Some lines below hold "speed". Pick them out and copy them.

Data extracted from a collection:
....

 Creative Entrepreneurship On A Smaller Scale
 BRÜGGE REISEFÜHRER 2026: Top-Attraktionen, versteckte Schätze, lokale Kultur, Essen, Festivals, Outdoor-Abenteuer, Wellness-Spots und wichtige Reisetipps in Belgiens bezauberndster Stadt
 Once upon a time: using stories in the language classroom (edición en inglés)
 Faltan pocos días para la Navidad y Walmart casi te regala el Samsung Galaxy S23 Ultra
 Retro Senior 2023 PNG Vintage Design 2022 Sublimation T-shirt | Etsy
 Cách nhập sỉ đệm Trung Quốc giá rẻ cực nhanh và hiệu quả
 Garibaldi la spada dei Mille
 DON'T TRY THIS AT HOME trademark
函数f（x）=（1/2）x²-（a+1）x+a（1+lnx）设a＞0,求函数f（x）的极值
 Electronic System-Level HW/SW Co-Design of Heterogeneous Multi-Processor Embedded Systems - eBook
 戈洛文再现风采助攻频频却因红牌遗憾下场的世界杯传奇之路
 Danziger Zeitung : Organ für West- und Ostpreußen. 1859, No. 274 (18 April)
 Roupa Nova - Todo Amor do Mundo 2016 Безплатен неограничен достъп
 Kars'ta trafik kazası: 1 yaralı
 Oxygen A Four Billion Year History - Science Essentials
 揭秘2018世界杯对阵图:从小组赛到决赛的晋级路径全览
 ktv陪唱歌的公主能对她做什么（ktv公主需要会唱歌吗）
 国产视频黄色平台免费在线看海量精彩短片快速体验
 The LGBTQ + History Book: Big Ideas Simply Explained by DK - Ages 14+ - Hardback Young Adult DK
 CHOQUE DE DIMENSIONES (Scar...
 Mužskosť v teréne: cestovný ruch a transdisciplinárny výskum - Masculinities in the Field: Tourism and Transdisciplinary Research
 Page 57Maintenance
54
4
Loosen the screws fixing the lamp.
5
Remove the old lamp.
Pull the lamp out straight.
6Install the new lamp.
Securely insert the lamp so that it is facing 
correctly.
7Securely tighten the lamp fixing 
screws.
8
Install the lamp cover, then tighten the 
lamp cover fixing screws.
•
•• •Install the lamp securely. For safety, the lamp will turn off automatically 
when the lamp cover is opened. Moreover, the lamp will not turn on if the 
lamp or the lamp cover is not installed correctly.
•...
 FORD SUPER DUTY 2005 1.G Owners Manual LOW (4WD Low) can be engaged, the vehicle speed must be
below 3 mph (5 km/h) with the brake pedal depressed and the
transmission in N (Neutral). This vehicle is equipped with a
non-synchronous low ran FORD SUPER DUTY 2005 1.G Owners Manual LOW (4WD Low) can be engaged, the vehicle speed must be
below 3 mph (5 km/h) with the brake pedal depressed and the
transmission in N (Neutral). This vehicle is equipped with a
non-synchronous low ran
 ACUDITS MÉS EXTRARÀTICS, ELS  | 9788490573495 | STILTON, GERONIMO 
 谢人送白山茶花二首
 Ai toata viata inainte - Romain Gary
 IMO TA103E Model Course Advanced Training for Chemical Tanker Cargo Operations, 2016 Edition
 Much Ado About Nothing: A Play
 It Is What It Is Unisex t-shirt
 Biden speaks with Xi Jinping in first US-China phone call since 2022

....

ANSWER TO THIS PROBLEM:
 FORD SUPER DUTY 2005 1.G Owners Manual LOW (4WD Low) can be engaged, the vehicle speed must be
non-synchronous low ran FORD SUPER DUTY 2005 1.G Owners Manual LOW (4WD Low) can be engaged, the vehicle speed must be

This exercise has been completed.